I created a MyISAM table that stores rows in different partitions based on the year
column, with each year given its own partition, e.g.:
CREATE TABLE t (
id INT UNSIGNED AUTO_INCREMENT
, year SMALLINT(4) UNSIGNED
, ...
, PRIMARY KEY (id, year)
) ENGINE=MyISAM
PARTITION BY LIST (year) (
PARTITION p0 VALUES IN (2000)
, PARTITION p1 VALUES IN (2001)
, ...
);
The question I want to answer is simple; what's the greatest value of year
in the table? In other words:
SELECT MAX(year) FROM t;
It seems, from looking at the table definition, that there should be an execution plan for this query that runs in constant time without reordering the PK or creating a new index on year
. All the database needs to do is find the partition that's defined as having the maximum value, and then check whether any rows exist in that partition; if not, check the next largest, and so on. Unfortunately, the optimizer chooses instead to do a full table scan.
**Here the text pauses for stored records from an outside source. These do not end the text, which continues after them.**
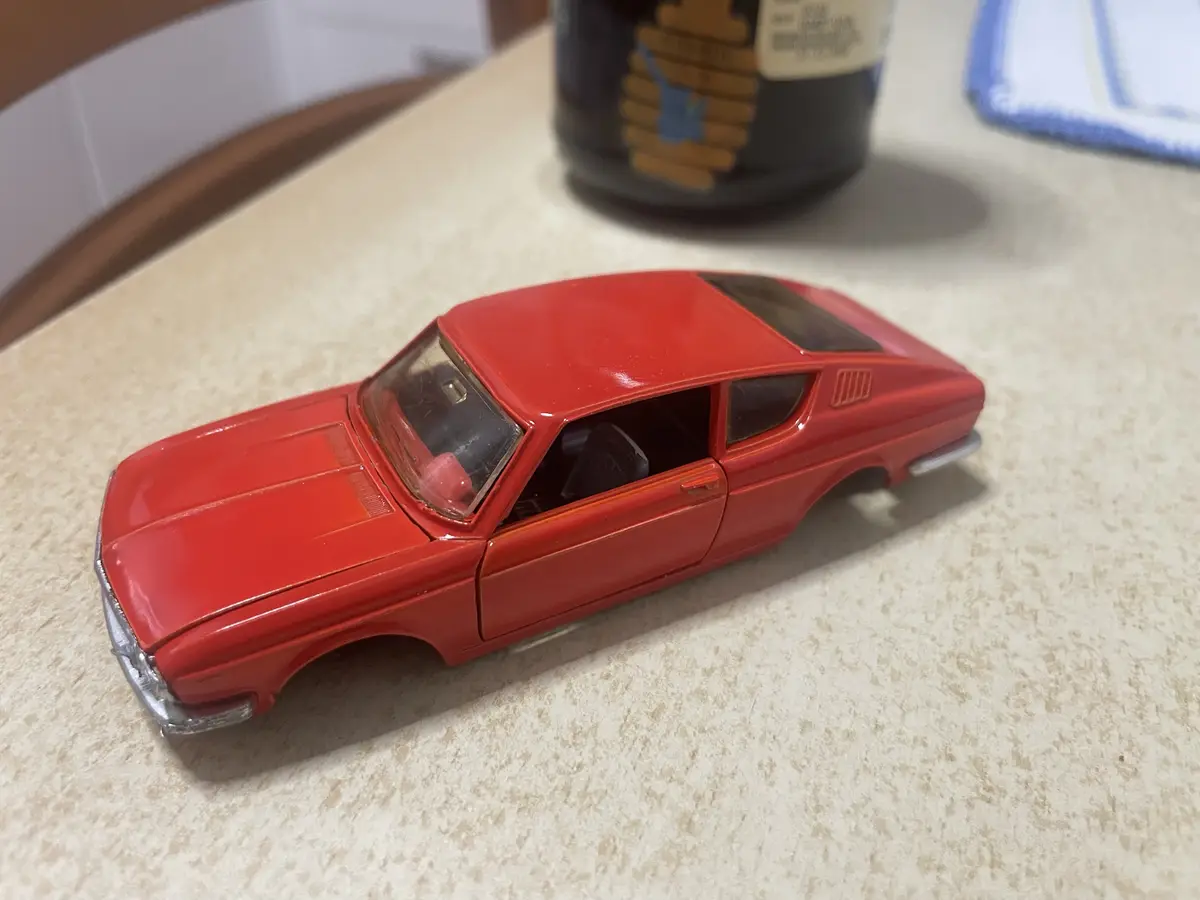 A red toy car with a glossy finish sits on a speckled countertop, its driver's side door open. In the background, a dark…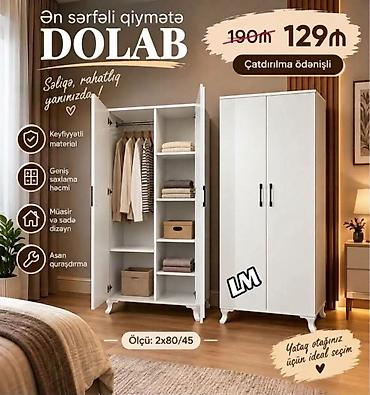 Ağ rəngli, müasir və sadə dizaynlı ikiqapılı dolab. Geniş saxlama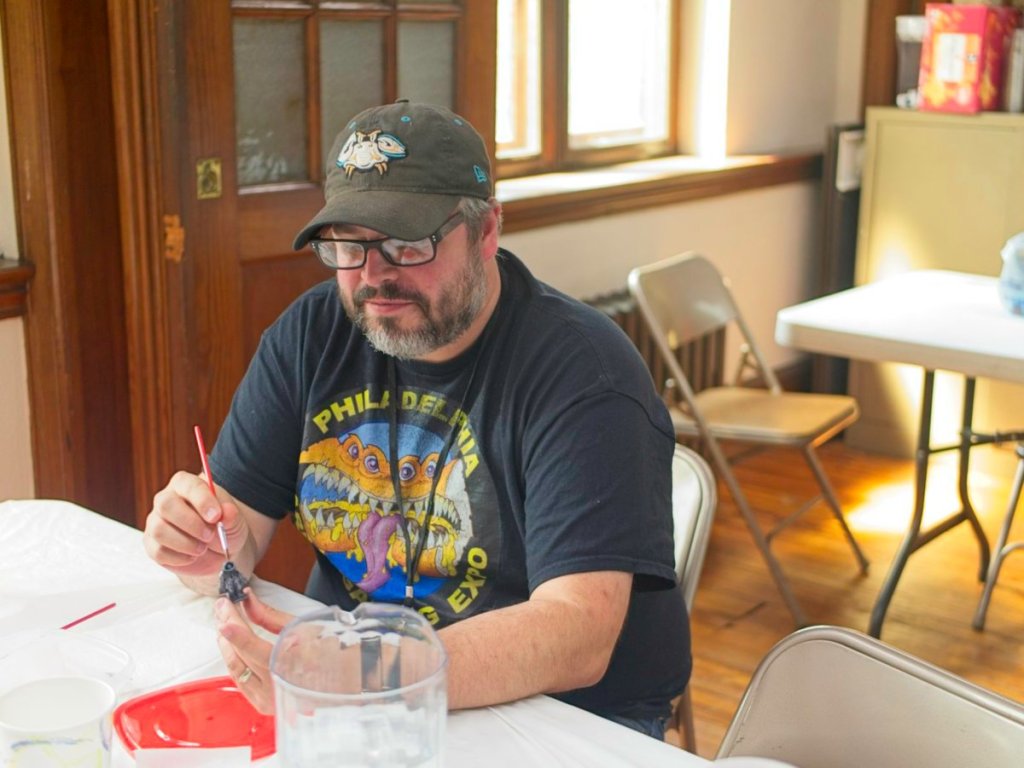 A player enjoyig a quite time painting minis.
I can easily query INFORMATION_SCHEMA
to find the largest value of year
for which there is a defined partition:
SELECT MAX(PARTITION_DESCRIPTION)
FROM INFORMATION_SCHEMA.PARTITIONS
WHERE TABLE_NAME = 't';
However, that only tells me about the partitions defined on the table, not the rows that exist in the table; if some partitions could be empty, it's not necessarily going to give me the MAX(year)
. I tried adding an EXISTS
condition:
SELECT MAX(PARTITION_DESCRIPTION)
FROM INFORMATION_SCHEMA.PARTITIONS
WHERE TABLE_NAME = 't'
AND EXISTS(SELECT 1 FROM fact_registration
WHERE year = PARTITION_DESCRIPTION);
This works, but it takes just as long as the full table scan. I also tried to do a partition select in the subquery but the syntax won't accept a user variable or a reference:
SELECT MAX(PARTITION_DESCRIPTION)
FROM
INFORMATION_SCHEMA.PARTITIONS AS P
WHERE
TABLE_NAME = 'fact_registration'
AND EXISTS(SELECT 1 FROM fact_registration
PARTITION(P.PARTITION_DESCRIPTION)); # syntax error, unexpected '.'
So, how can I eliminate the table scan and find the accurate maximum on the table?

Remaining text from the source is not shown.